Would You Get The Same Treatment as Mick Jagger?

HYANNIS – In an early Rolling Stones hit, Mick Jagger boasted that he had a “heart of stone” – but even that heart eventually needed some repair.

Jagger recently underwent a minimally invasive cardiac procedure called Transcatheter Aortic Valve Replacement (or TAVR, for short), an alternative to open heart surgery. Lots of other people will soon be getting satisfaction from TAVR, as several new studies support making it available to a wider range of patients.

TAVR is a treatment for aortic valve stenosis, a narrowing of the aortic valve. The narrowing, usually due to an accumulation of calcium, restricts the flow of blood from the heart’s left ventricle to the entire body. Symptoms include breathlessness, chest pain, fainting and palpitations.

Aortic valve stenosis afflicts about 7 percent of people 65 and older. Left untreated, it has a worse survival rate than metastatic breast, lung, colon and prostate cancers.
“TAVR has transformed the lives of many patients, who can get back to their normal activities in just a week after having the procedure, rather than months after open heart surgery,” said Richard B. Zelman, MD, FACC, an interventional cardiologist and Chief of Cardiology for Cape Cod Healthcare.

In the TAVR procedure, the doctor uses a catheter tube, inserted in the upper leg and guided by X-ray and ultrasound technology, to place a new valve inside the diseased valve. The procedure takes less than two hours, and patients go home within 48 hours and resume normal activities in about a week. Patients who have open heart surgery stay in the hospital longer, continue recuperating at home for about two months and might not resume normal activities for six months.

“Most of our patients are having TAVR procedures that are done under local anesthetic and with mild sedation,” said Dr. Zelman. “They’re up and walking around six hours after the procedure and many are home the next day. It’s definitely an amazing technology. It has taken the world of aortic valve surgery and turned it upside down.”

The TAVR procedure has been approved by the Food and Drug Administration (FDA) for use only on high-risk patients, those too old or too sick to undergo open-heart surgery. But two large, clinical trials show that TAVR is effective for lower-risk patients and gives them better outcomes (lower rates of death or disabling strokes).

The FDA is expected to approve that expanded use, according to the New York Times. That would mean an additional 20,000 patients a year would be eligible for TAVR (about 60,000 intermediate- and high-risk patients per year undergo the procedure now).

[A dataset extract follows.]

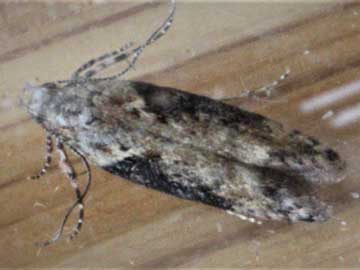 Scrobipalpa costella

“Pretty much all patients with aortic valve stenosis are now candidates for the catheter valve technology,” said Dr. Zelman. “It’s been widely positively received in all the trials, and patients who have undergone the procedure are extremely enthusiastic about it.”

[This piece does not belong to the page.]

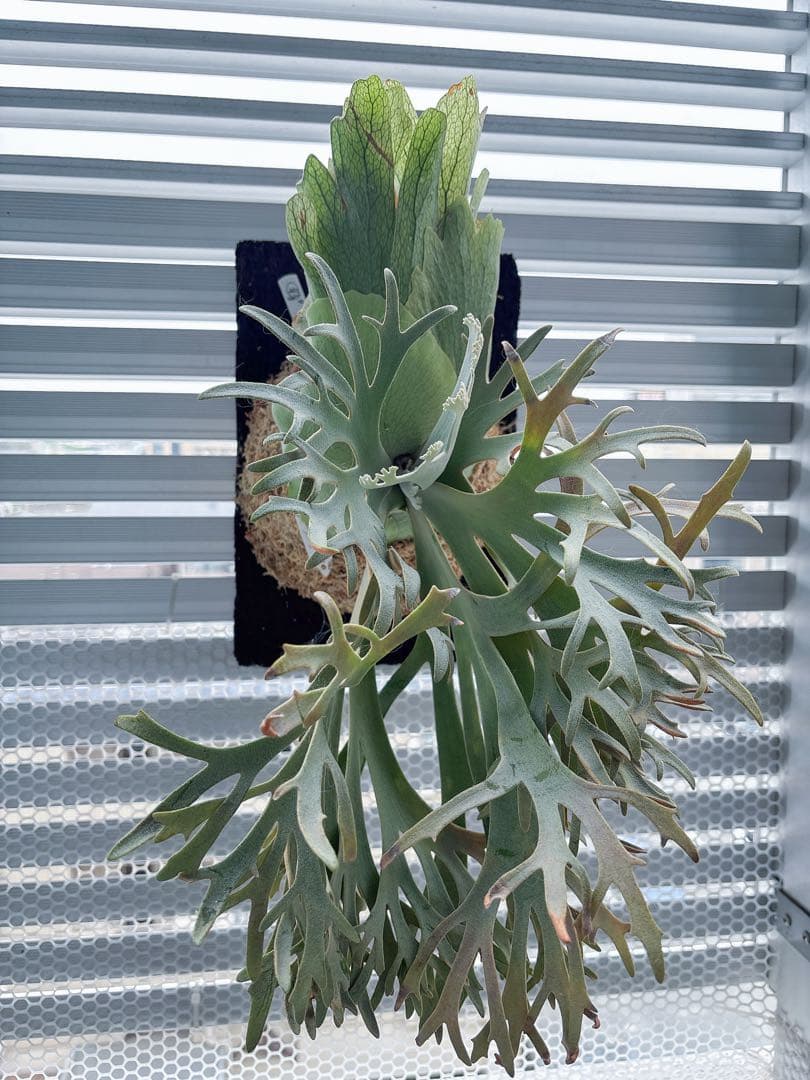 群生 willinckii OMG×Nano spore dwarf ビカクシダ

There has been a steady progression of evidence supporting TAVR, he added.

“A study published about a dozen years ago looked at the use of this technology in patients who would have been refused for surgery. Those studies showed that the catheter technology was superior in those high-risk and extreme-risk groups. Then there were the intermediate-risk trials that were published about two and a half years ago. Again, those studies showed the catheter technology to be at least as good, if not better,” Dr. Zelman said.
The low-risk trials (published recently in the New England Journal of Medicine and presented at the American College of Cardiology’s annual meeting) “are again showing the catheter technology to be at least as good, if not better,” he said.

Dr. Zelman and his team will perform their 500th TAVR procedure this month. He expects the team soon will begin treating low-risk patients.
“We have very excellent outcomes,” he said. “The patients are incredibly satisfied. They’re very grateful that we have the program here on the Cape and that they and their families don’t need to go to Boston. They’re very grateful that our outcomes are comparable, if not better, to any of the programs that they’ve read about. It’s been a very enthusiastic response.”